**Prompt**
In the records below, the lines from the one with "Custom Dynamics - Custom" through the last are to be printed exactly, and nothing else.

**Extracted records**
════════

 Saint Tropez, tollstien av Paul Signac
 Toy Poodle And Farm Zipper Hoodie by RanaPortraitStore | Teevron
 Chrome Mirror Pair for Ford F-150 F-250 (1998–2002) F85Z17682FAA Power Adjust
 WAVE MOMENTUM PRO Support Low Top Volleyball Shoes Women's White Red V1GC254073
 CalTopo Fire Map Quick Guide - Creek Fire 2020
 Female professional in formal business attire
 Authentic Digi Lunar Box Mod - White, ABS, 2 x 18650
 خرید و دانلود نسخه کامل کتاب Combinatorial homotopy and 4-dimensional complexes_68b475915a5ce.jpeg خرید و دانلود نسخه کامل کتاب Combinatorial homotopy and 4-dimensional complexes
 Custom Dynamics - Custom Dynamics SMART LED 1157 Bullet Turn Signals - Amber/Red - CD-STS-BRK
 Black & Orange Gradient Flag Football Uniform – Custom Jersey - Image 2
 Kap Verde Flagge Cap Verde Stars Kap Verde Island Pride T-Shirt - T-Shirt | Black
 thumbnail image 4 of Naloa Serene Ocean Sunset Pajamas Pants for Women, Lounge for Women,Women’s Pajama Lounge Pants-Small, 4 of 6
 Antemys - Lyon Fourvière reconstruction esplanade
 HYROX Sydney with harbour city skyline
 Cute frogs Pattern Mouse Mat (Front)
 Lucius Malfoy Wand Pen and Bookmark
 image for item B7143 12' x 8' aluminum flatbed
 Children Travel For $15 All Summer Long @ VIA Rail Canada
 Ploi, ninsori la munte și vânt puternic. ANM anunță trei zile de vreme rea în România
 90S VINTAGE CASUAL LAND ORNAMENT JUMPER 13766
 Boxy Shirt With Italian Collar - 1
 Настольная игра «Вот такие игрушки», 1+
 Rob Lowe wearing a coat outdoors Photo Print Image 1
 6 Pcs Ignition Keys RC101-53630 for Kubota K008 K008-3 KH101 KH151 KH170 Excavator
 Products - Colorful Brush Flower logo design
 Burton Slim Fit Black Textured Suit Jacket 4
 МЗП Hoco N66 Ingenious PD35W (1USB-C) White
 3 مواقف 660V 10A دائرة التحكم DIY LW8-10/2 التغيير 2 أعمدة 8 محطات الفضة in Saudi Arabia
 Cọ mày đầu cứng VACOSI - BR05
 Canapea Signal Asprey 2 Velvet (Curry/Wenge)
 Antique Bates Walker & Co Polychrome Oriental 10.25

════════

**Finished exercise**
 Custom Dynamics - Custom Dynamics SMART LED 1157 Bullet Turn Signals - Amber/Red - CD-STS-BRK
 Black & Orange Gradient Flag Football Uniform – Custom Jersey - Image 2
 Kap Verde Flagge Cap Verde Stars Kap Verde Island Pride T-Shirt - T-Shirt | Black
 thumbnail image 4 of Naloa Serene Ocean Sunset Pajamas Pants for Women, Lounge for Women,Women’s Pajama Lounge Pants-Small, 4 of 6
 Antemys - Lyon Fourvière reconstruction esplanade
 HYROX Sydney with harbour city skyline
 Cute frogs Pattern Mouse Mat (Front)
 Lucius Malfoy Wand Pen and Bookmark
 image for item B7143 12' x 8' aluminum flatbed
 Children Travel For $15 All Summer Long @ VIA Rail Canada
 Ploi, ninsori la munte și vânt puternic. ANM anunță trei zile de vreme rea în România
 90S VINTAGE CASUAL LAND ORNAMENT JUMPER 13766
 Boxy Shirt With Italian Collar - 1
 Настольная игра «Вот такие игрушки», 1+
 Rob Lowe wearing a coat outdoors Photo Print Image 1
 6 Pcs Ignition Keys RC101-53630 for Kubota K008 K008-3 KH101 KH151 KH170 Excavator
 Products - Colorful Brush Flower logo design
 Burton Slim Fit Black Textured Suit Jacket 4
 МЗП Hoco N66 Ingenious PD35W (1USB-C) White
 3 مواقف 660V 10A دائرة التحكم DIY LW8-10/2 التغيير 2 أعمدة 8 محطات الفضة in Saudi Arabia
 Cọ mày đầu cứng VACOSI - BR05
 Canapea Signal Asprey 2 Velvet (Curry/Wenge)
 Antique Bates Walker & Co Polychrome Oriental 10.25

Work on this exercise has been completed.